In [3]:
import pandas as pd
import numpy as np
from dfply import *
Pandas has a function pd.crosstab which can generate a cross-tabluation of factors. Let's say we wanted to build a pipe function that wrapped around this. The docstring of the Pandas function is below:
Compute a simple cross-tabulation of two (or more) factors. By default computes a frequency table of the factors unless an array of values and an aggregation function are passed
Parameters
----------
index : array-like, Series, or list of arrays/Series
Values to group by in the rows
columns : array-like, Series, or list of arrays/Series
Values to group by in the columns
values : array-like, optional
Array of values to aggregate according to the factors.
Requires `aggfunc` be specified.
aggfunc : function, optional
If specified, requires `values` be specified as well
rownames : sequence, default None
If passed, must match number of row arrays passed
colnames : sequence, default None
If passed, must match number of column arrays passed
margins : boolean, default False
Add row/column margins (subtotals)
dropna : boolean, default True
Do not include columns whose entries are all NaN
normalize : boolean, {'all', 'index', 'columns'}, or {0,1}, default False
Normalize by dividing all values by the sum of values.
- If passed 'all' or `True`, will normalize over all values.

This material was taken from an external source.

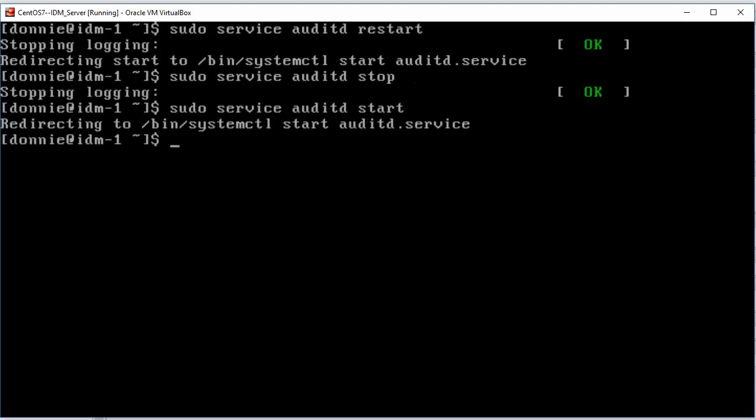But on Ubuntu or OpenSUSE, as I say, you can use the regular SystemD command, the regular SystemCTL command, and it'll work just fine.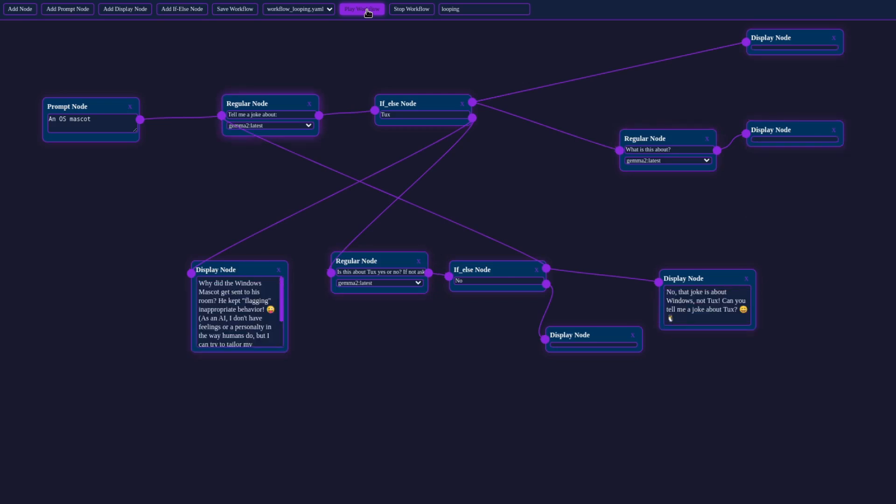What we've seen here is just scratching the surface of what's possible with VIRT Workforce. This tool can be adapted for a wide range of applications, from data analytics to content generation.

- If passed 'index' will normalize over each row.
- If passed 'columns' will normalize over each column.
- If margins is `True`, will also normalize margin values.
To keep it simple, let's build a reduced version of this that takes only:
indexcolumnsvaluesaggfuncBelow is a function that wraps around the call to pd.crosstab.
In [5]:
def crosstab(index, columns, values=None, aggfunc=None):
return pd.crosstab(index, columns, values=values, aggfunc=aggfunc)
In [6]:
diamonds.head(2)
Out[6]:
In [7]:
crosstab(diamonds.cut, diamonds.color)
Out[7]:
If you want your function to be part of a dfply pipe chain, the first argument must be a dataframe, which is implicitly passed through during the evaluation of the chain! We will need to redefine the function to have the implicit df passed in as the first argument.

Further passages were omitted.